THE DATA:
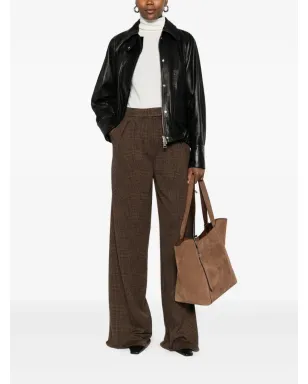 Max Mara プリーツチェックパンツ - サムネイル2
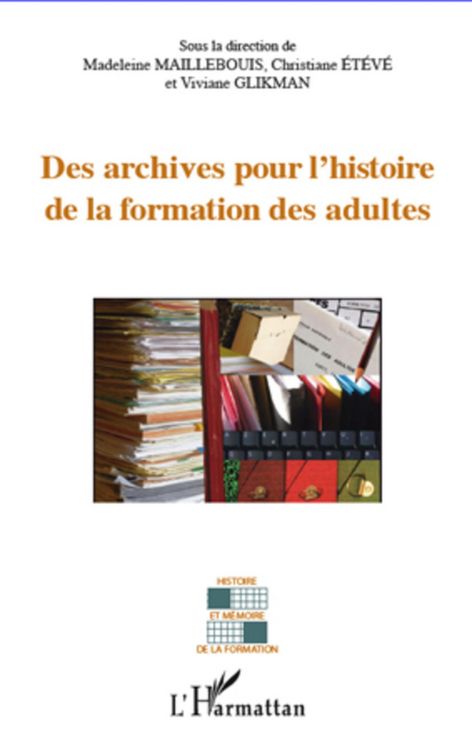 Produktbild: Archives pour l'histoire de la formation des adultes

==

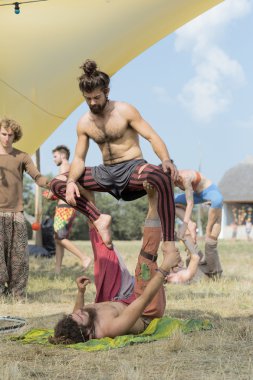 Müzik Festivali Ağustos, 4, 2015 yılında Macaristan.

...

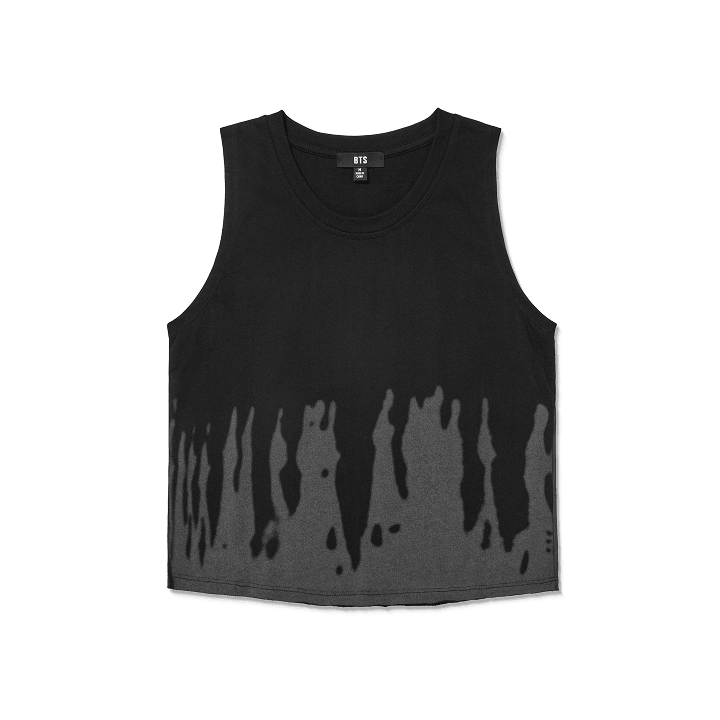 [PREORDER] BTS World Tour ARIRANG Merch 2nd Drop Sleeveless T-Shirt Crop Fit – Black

PROBLEM DESCRIPTION: Starting with the line that has "Max Mara プリーツチェックパンツ - サムネイル2" and going on through the line that has "Produktbild: Archives pour", transcribe the records above exactly, but skip the pictures.

FINISHED TASK:
 Max Mara プリーツチェックパンツ - サムネイル2
 Produktbild: Archives pour l'histoire de la formation des adultes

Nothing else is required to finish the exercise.